Unemployment is on the rise, credit is tight, and consumers aren't spending--which means they aren't picking up and moving much either. Very few places in America saw significant population growth in 2008.
But the buzzing metropolitan area of Denver bucked that trend. Its population increased by 2.17% in 2008. In 2007, it increased by 2.09%. In 2008, Denver was the 10th-fastest growing metro area in the U.S.
What's Denver got that other places don't?
For one, according to an October 2008 survey conducted by Pew Research Center, Denver is the most popular city in America. People like it for its skiing, culture and vibrant nightlife, as well as its business opportunities. As of January 2009, the metro area's unemployment rate was 6.5%. That's high, but still two percentage points below the national average of 8.5% for the same month.
Despite the overall economic slowdown, some parts of the country keep on moving ahead, attracting more and more newcomers--even if it's at a slower pace than in more sound economic times. These places still offer a semblance of stability, as well as great weather, cultural life and, in many cases, affordability.
Behind the Numbers
To determine the fastest-growing metro areas in the country, we used 2008 population estimates for metropolitan statistical areas with a population over 1 million, released March 19, 2009, by the U.S. Census Bureau. MSAs are geographic entities defined by the U.S. Office of Management and Budget for use by federal agencies in collecting, tabulating and publishing federal statistics.
We then compared the 2008 population estimates to the previous year's data to see which areas had grown the most, percentage-wise.
Nine places fared even better than Denver, though they share similar qualities: more business opportunities, better weather and more affordable housing. The top three areas according to the data are Raleigh, N.C., ranking first, which jumped 4.29% to nearly 1.9 million; Austin, Texas, which came in second, with a 3.77% increase to almost 1.7 million; and Charlotte, N.C., which moved up 3.36% to 1.7 million.

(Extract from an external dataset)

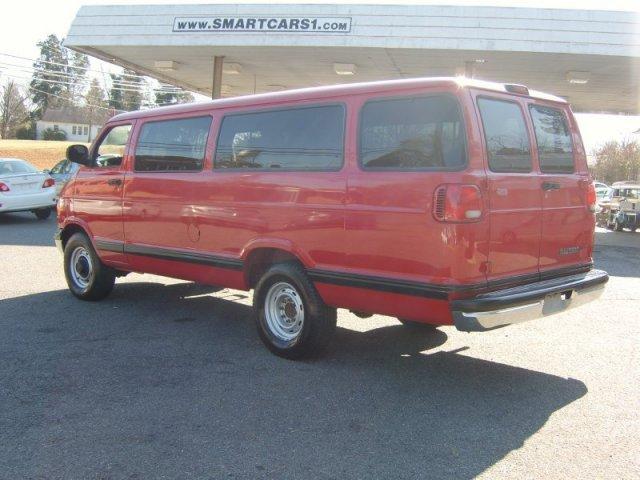 2002 Dodge Ram Wagon Lariat 5 1/2 Ft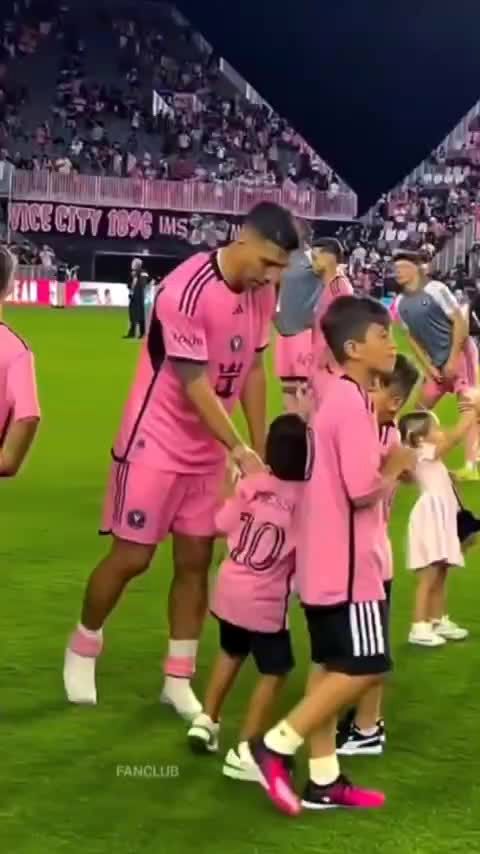 (ویدئو) پس گردنی زدن پسران مسی به سوارز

All these areas' increases were smaller in 2008 than they were in 2007, (Raleigh increased by 4.7% in 2007, Austin by 4.29% and Charlotte by 4.2%), but a slight slowdown is not necessarily a bad thing, according to William Frey, Ph.D., a demographer at the Brookings Institute, an independent research and policy group based in Washington, D.C. "Part of the story here is the rapid rise in growth in the middle of decade," says Frey. "That growth was unnatural."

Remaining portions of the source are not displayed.